→ **What to work on**: Find the word "Water" in the data. Return every line where it appears.

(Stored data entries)
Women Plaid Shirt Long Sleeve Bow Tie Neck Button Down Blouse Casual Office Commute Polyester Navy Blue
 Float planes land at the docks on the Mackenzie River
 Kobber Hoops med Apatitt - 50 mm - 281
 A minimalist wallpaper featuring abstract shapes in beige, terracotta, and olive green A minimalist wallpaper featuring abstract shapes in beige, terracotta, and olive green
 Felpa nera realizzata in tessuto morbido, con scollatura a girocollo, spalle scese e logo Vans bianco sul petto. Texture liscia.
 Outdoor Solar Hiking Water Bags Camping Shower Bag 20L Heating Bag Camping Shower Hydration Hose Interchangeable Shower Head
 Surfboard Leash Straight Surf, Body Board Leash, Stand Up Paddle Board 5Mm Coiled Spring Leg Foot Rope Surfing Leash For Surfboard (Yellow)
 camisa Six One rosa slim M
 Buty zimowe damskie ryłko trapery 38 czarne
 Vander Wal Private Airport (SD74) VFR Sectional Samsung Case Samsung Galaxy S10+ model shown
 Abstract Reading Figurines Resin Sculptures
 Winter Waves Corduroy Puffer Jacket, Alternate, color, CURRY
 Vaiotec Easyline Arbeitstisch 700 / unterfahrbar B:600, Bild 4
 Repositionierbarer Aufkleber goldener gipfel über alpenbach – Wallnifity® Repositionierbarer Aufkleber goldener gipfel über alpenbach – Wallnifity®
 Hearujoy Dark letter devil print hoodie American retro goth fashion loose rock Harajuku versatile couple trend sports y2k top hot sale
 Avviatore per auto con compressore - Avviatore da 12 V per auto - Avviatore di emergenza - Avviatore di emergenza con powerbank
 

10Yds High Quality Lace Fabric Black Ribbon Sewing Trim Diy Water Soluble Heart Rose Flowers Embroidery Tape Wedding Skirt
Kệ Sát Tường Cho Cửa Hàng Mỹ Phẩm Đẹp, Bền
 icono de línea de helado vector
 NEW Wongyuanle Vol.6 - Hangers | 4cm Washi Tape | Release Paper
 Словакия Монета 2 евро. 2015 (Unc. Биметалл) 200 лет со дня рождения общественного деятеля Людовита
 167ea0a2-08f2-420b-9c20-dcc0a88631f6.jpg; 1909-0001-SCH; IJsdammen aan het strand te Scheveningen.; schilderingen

→ **Solution to the exercise**:
 Outdoor Solar Hiking Water Bags Camping Shower Bag 20L Heating Bag Camping Shower Hydration Hose Interchangeable Shower Head
10Yds High Quality Lace Fabric Black Ribbon Sewing Trim Diy Water Soluble Heart Rose Flowers Embroidery Tape Wedding Skirt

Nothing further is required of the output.